During Autumn and Spring it’s a different story. This year the feast came a bit early, mid-February to be exact, when I played the touring Broadway show, Cinderella (eight shows a week for two weeks) in addition to regular teaching and a student recital thrown in on the one night off. As soon as Cinderella closed, rehearsals began for Michigan Opera Theater’s production of Aaron Copland’s opera, The Tender Land. Chamber Music at the Scarab Club, in cooperation with MOT, also presented two chamber concerts of Copland’s music at which I played his Duo for flute and piano. On top of that, I was called to play piccolo with the Detroit Symphony on a couple of concerts. As good luck would have it, the DSO concerts wedged themselves into my packed schedule very nicely.

A piccolo onstage at Orchestra Hall

One additional gig this week was the one to which I have been looking forward most ardently. A few months ago I was approached to assemble a small group to play at the Detroit Institute of Arts for a gala dinner reception celebrating the collaboration of the DIA, the Detroit Public Library and Wayne State University in bringing a copy of Shakespeare’s First Folio from the Folger Shakespeare Library in Washington, D.C. to Detroit. As the year 2016 is the 400th anniversary of Shakespeare’s death, a copy of the first publication of 36 Shakespeare plays (including 18 previously unpublished plays) will visit all 50 states. For a reason I cannot explain, this idea was very exciting to me and I accepted immediately.  Of course I would have to find people to play Renaissance music, ideally on period instruments and dressed in period costumes.

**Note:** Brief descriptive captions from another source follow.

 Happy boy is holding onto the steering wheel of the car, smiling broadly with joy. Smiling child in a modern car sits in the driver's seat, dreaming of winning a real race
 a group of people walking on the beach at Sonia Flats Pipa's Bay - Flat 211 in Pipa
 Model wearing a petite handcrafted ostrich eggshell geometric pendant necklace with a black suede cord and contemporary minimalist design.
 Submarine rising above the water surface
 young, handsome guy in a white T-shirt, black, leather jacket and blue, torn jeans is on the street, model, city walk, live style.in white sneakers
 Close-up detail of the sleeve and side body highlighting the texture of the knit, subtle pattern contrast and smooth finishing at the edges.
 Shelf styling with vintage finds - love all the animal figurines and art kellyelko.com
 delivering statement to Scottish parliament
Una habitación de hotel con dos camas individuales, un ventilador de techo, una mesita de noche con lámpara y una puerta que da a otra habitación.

Fortunately my friend from the Flint Symphony, Lorrie Gunn, plays regularly with an ensemble at the Michigan Renaissance Festival and she was able to ask the leader of their group, Mary Ann Fischer, to join us on March 10 at the DIA. They already had the costumes, instruments and music and were just as excited as I was to play for the First Folio opening. We decided to call ourselves "The Merry Wives" for this gig and after a couple of rehearsals, krummhorn lessons and costume fittings we were ready!

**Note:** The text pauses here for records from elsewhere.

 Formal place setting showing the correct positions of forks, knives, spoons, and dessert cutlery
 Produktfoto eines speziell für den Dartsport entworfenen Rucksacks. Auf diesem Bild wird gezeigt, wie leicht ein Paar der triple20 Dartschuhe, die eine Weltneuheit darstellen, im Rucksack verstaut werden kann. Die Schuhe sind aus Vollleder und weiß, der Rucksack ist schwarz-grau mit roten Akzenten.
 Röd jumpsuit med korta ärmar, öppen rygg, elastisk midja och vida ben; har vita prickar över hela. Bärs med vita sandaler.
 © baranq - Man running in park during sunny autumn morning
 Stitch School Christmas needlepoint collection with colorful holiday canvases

Acts I, II, III  ready to go!
The Tender Land bows at dress rehearsal

There was one tiny little potential glitch: the First Folio gig at the DIA started at 6:00 pm and The Tender Land dress rehearsal was from 3:00 to 6:15 pm at the Macomb Center for the Performing Arts, 30-40 minutes away on a good travel day. The bane of a freelancer’s life are these impossible overlaps, making it impossible to do all the gigs you want to do. Normally I would have to give up one of the gigs but I had another solution.  Lorrie and Mary Ann were used to playing together so they agreed to play the first set at the DIA while I was en route from the Macomb Center. Assuming good weather and traffic conditions, I should be able to make it by the time we needed to start the second set.

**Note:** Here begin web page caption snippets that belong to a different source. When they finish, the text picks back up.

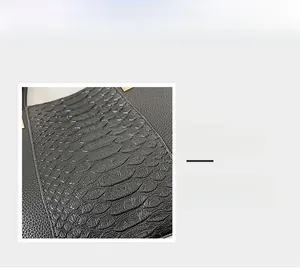 Detail view of crocodile and pebble grain leather stitching with pale gold hardware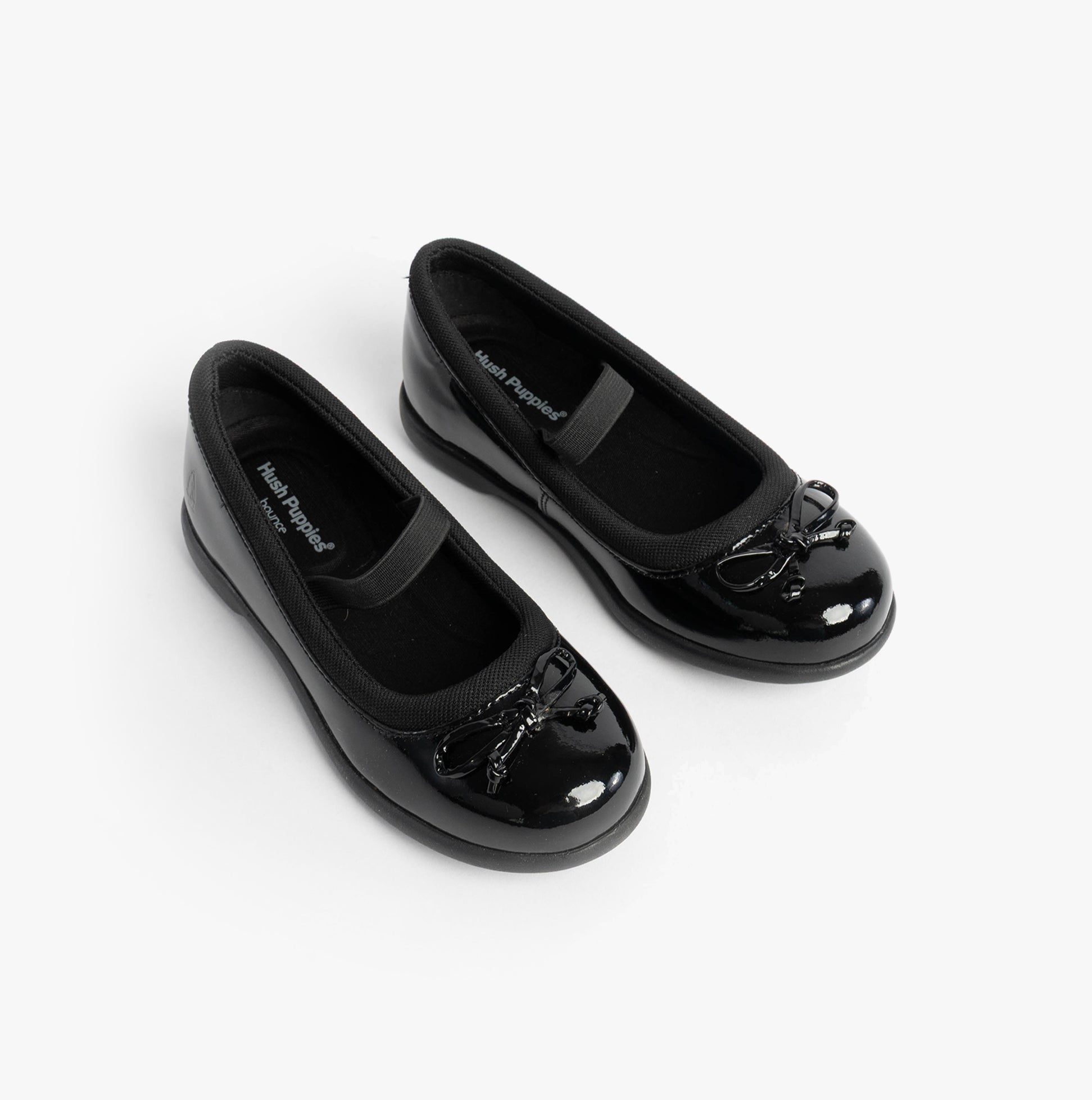 Hush Puppies BETTY PATENT JNR Girls Shoes Black top view showing two pairs with bows, ideal school shoes for comfort and style.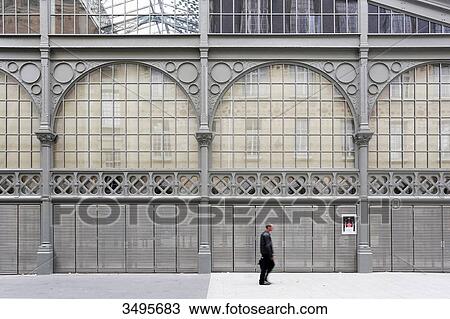 Stock Image - France, Paris, 3rd arrondissement. The Carreau du Temple. Parisian passing the Carreau du Temple.. Fotosearch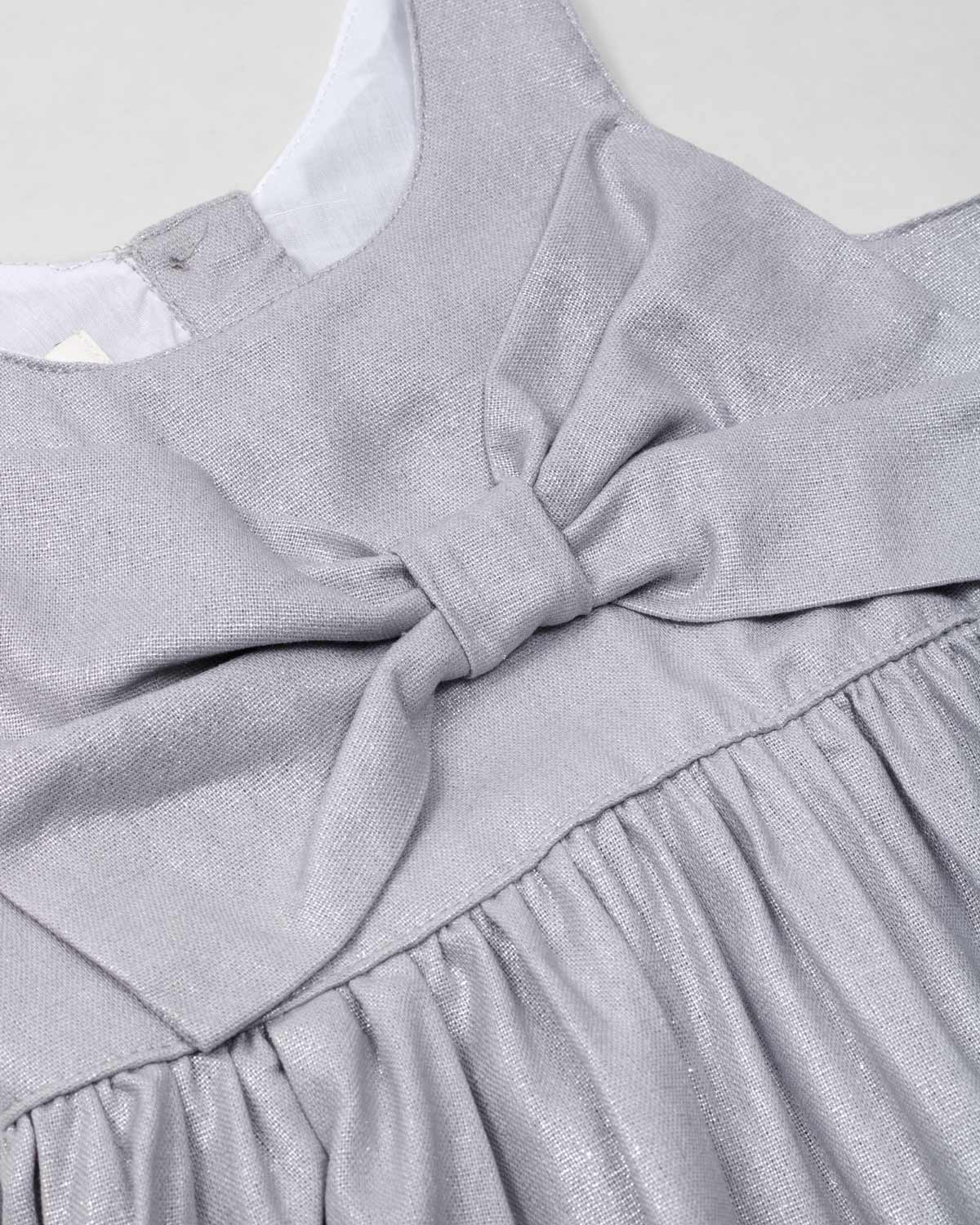 Vestido plateado en lino con brillos, moño y botones en espalda para niña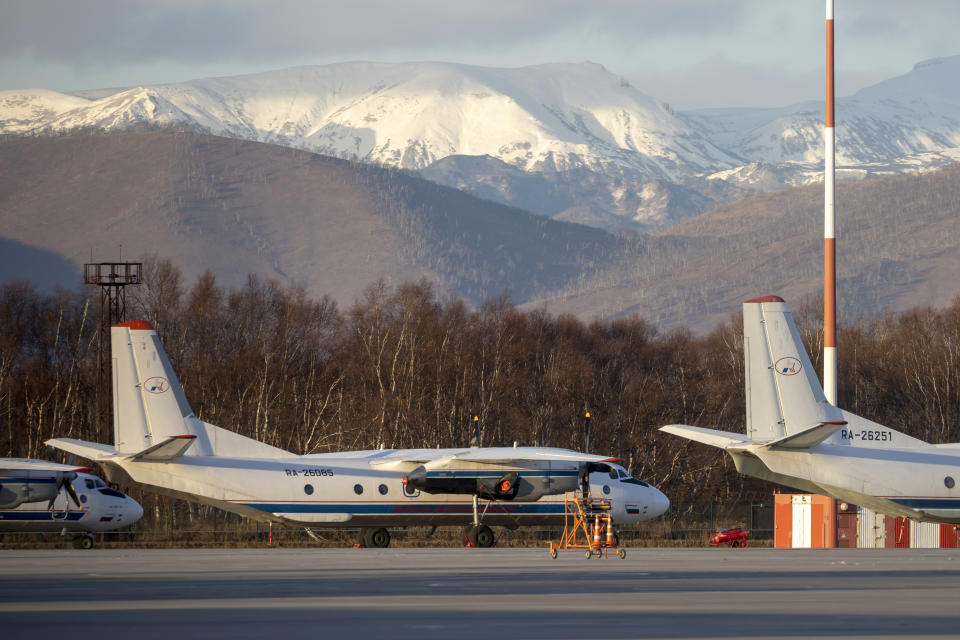 The Antonov An-26 with the same board number #RA-26085 as the missed plane is parked at Airport Elizovo outside Petropavlovsk-Kamchatsky, Russia, Tuesday, Nov. 17, 2020.Local officials say a plane with 28 people on board has gone missing in the Russian Far East region of Kamchatka. Emergency officials say the Antonov An-26 plane with 22 passengers and six crew members missed a scheduled communication while it was flying Tuesday from the city of Petropavlovsk-Kamchatsky to the village of Palana. (AP Photo/Marina Lystseva)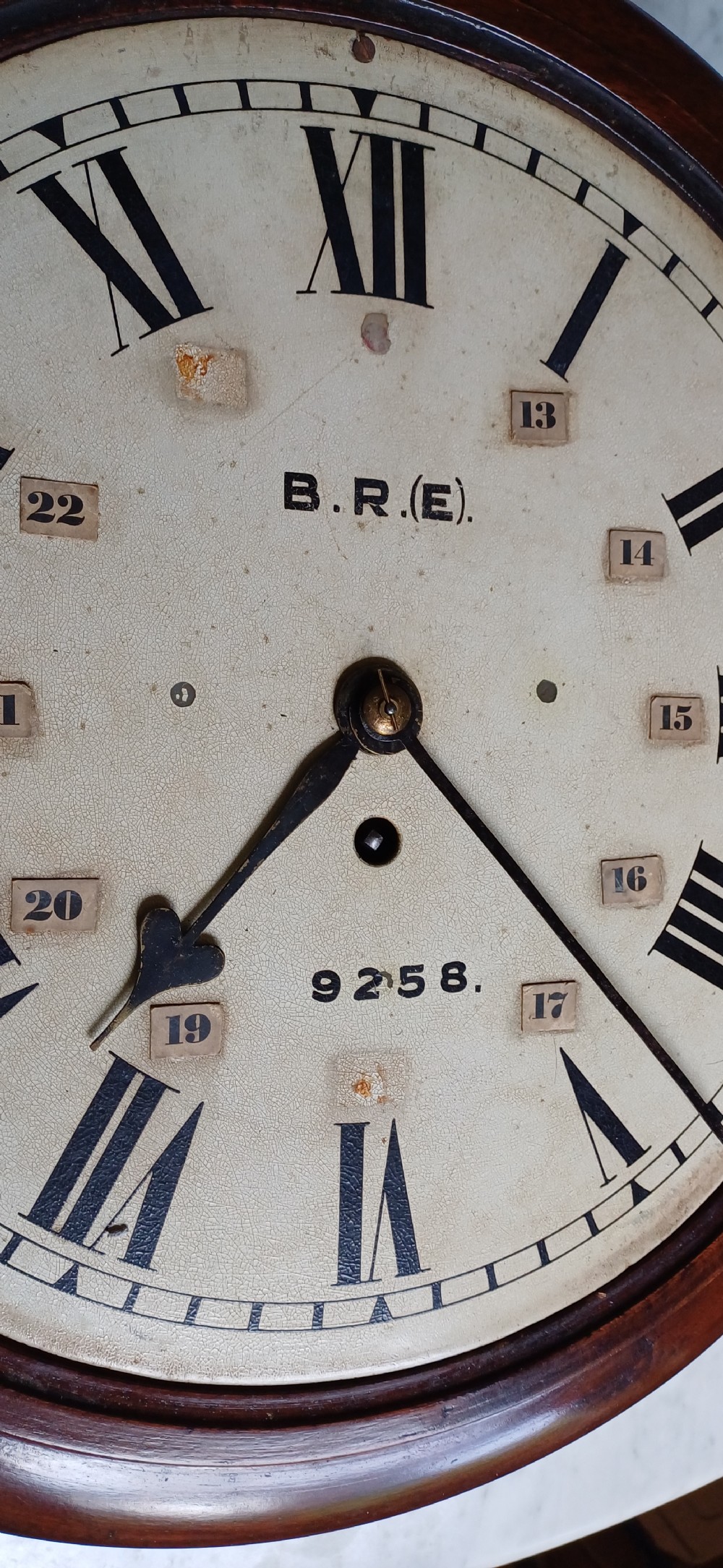 An early 20th-century round mahogany railway wall clock featuring an off-white dial with Roman numerals, secondary 24-hour markings, and B.R.(E.) lettering. View XIII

The crazy day of March 10 came with a DSO Children’s concert in the morning (piccolo) where I was spoiled by playing with the wonderful Detroit Symphony in the acoustical marvel of Orchestra Hall, then the opera dress rehearsal in the afternoon (flute) closely followed by the mad dash to the DIA, costume, music stand and instruments in hand. Luckily the stars were aligned in my favor and the Michigan weather cooperated. These feast days don’t always work out so well, nor are we often called upon to play so many different instruments in the space of 24 hours, or in this case, about 11 hours. March 10, 2016 will go into the books as one of my most productive and satisfying feast days. Lorrie and Mary Ann would agree that the First Folio gig at the DIA was excellent. We were invited to partake in their feast where dishes fit for the gods were served at various stations around the Diego Rivera court. I was pleased to learn that the catering was in house and the yummy mac and cheese station is served in their cafe on occasion.

All's well that ends well and this day will be a feast day to remember in the coming times of famine when I reflect on my salad days and my mac and cheese days.

Lorrie on rebec and Laura on krummhorn
Can you spot the Shakespeare quotes?